Antananarivo continues to perplex me as a dichotomy of European architecture, city planning and in many ways customs. Yet it's African flavor dominates. And hell, there are times when I might as well be in Beijing. The city is unique for me in its blend of pedestrian and transportation domain. The streets are a battleground of daring pedestrians being hunted by outrageous drivers. The sidewalks would usually serve as a safeground, but cars seem free to bound onto the sidewalk without concern for limbs or goods. The city does have one respite for the constantly hounded pedestrians: Stairs. They are everywhere, because of how hilly the city is the planners wrote in vast stairs running through the cities; like Machu-Pichu fairways running through Paris, it is weird, exhausting and if one was handicapped they would be isolated to an island within a city within an island.

Tomorrow I get up early to board my small hippie bus with 30 other passengers into the south to see some energy projects and begin my on the ground work.

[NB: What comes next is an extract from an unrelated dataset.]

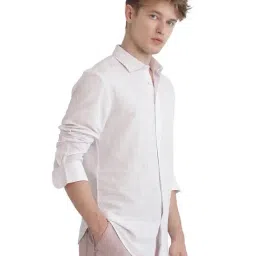 Rare Rabbit Pink Regular Fit Solid Shirt image 3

The man to my right has just been scammed into saving a Nigerian princess via email,
Steven

Tuesday, October 4, 2011

Bananana-tananarivo

I've arrived in Madagascar after a 27 hour commute. The capital is dusty and supremely African. I guess I figured it would be more Island-esque like Jamaicans and Indonesians bred together in a volcanic mass surrounded by water. Instead it is dry and crowded, like all African capitals, but has a distinctly poor-European suburb feel to it, like walking in any direction out of Paris. It's hot as a squirrel sandwich, but I have made it to my makeshift hotel room (It's got a TV with Cartoon Network and National Madagascar Channel, the ONLY channels). I treated myself to dinner with some weird german girl I met on the plane over, who doesn't speak any French or English, but we are communicating in my basic Portuguese and giggling.

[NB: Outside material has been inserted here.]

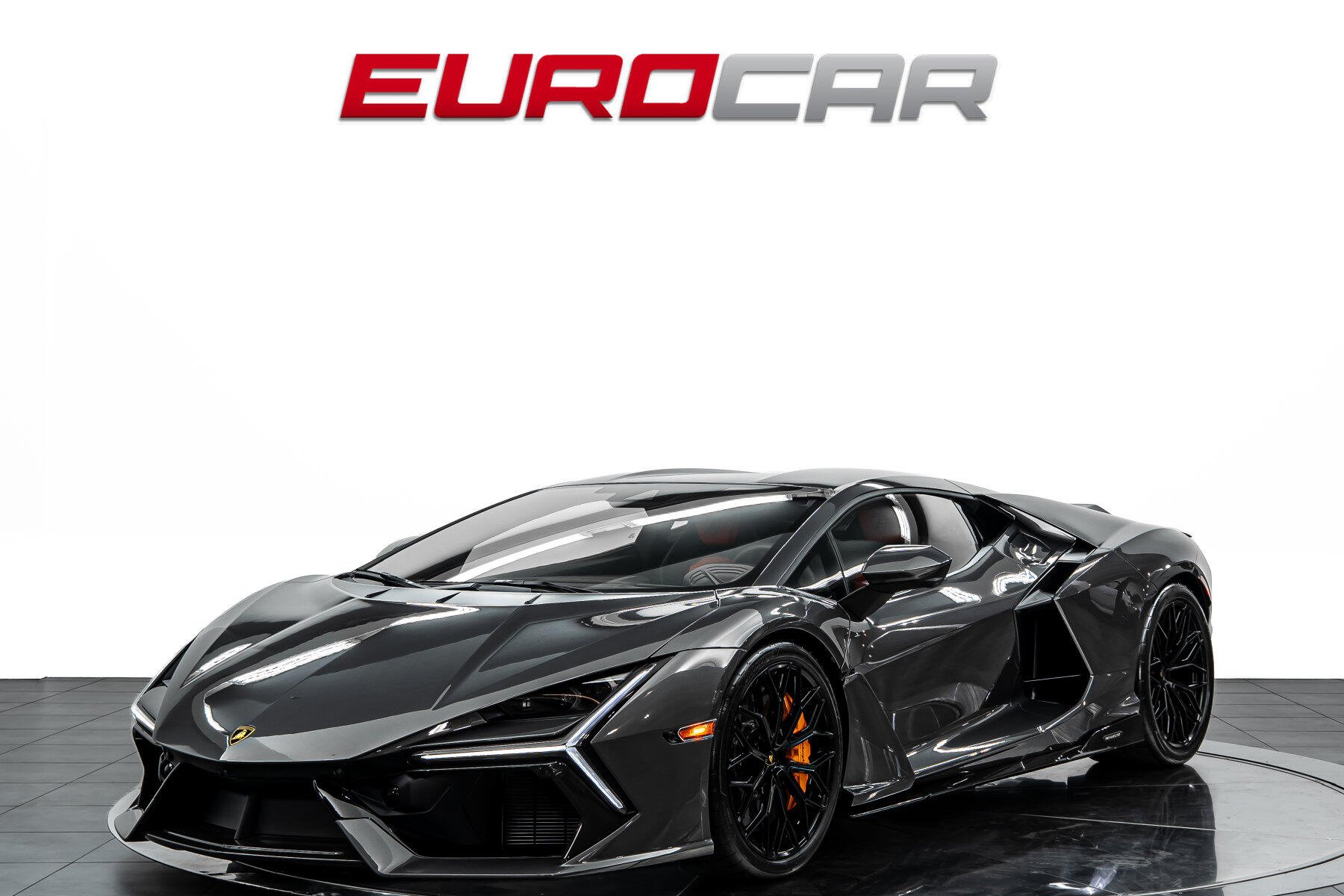 2025 Lamborghini Revuelto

Tomorrow, I begin work heading out to the US Embassy and then on to interview two new mercenary pals who have promised me grand adventures across Madagascar. They are stand outs from the famous Bob Denard's conquest of Islands of Africa (Wikipedia it). Then I head down to the rainforest to question some people who haven't the dimmest sense what a lightbulb is about how they would use electricity every day and truly begin my adventure into the external arteries of darkness.

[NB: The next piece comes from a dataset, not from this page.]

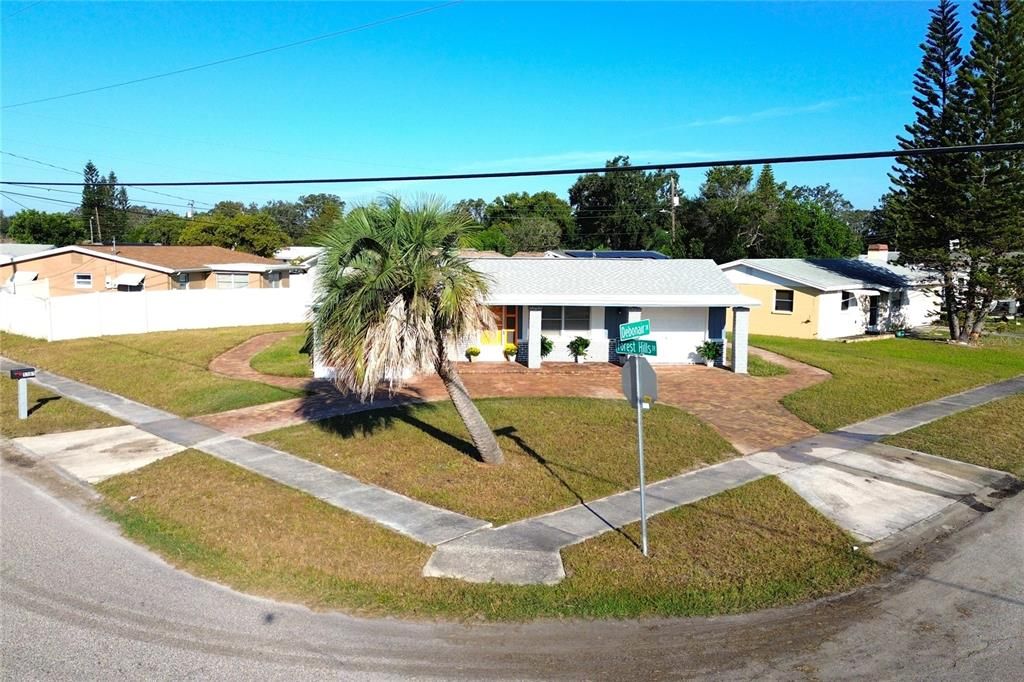 Active With Contract: $239,900 (3 beds, 2 baths, 1412 Square Feet)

I have to sign off as my internet that I'm stealing from the four-star hotel down the block has become spotty and I'm passing out. I'll check in as soon as I can,

Yours in Sweatinesss,
Foxy

Sunday, October 2, 2011

Leaving

Hello Again,
After my hiatus from the blogosphere, I have returned afresh to delight you with snippets of my journeys in the African continent. In this particular adventure, I am traveling to Madagascar, Mozambique and Malawi over the next 8 weeks. While I am there, I will be splitting my time between two work projects: mapping renewable energy projects and evaluating small scale energy markets. I will also be continuing my research on private military companies and the movement of precious materials (oil and diamonds) across the African continent.

That being said, I will also be taking time to take in the highlights that each of these three country shave to offer. I'll send it all back to you via photos, anecdotes and hopefully anything else I can get back to you.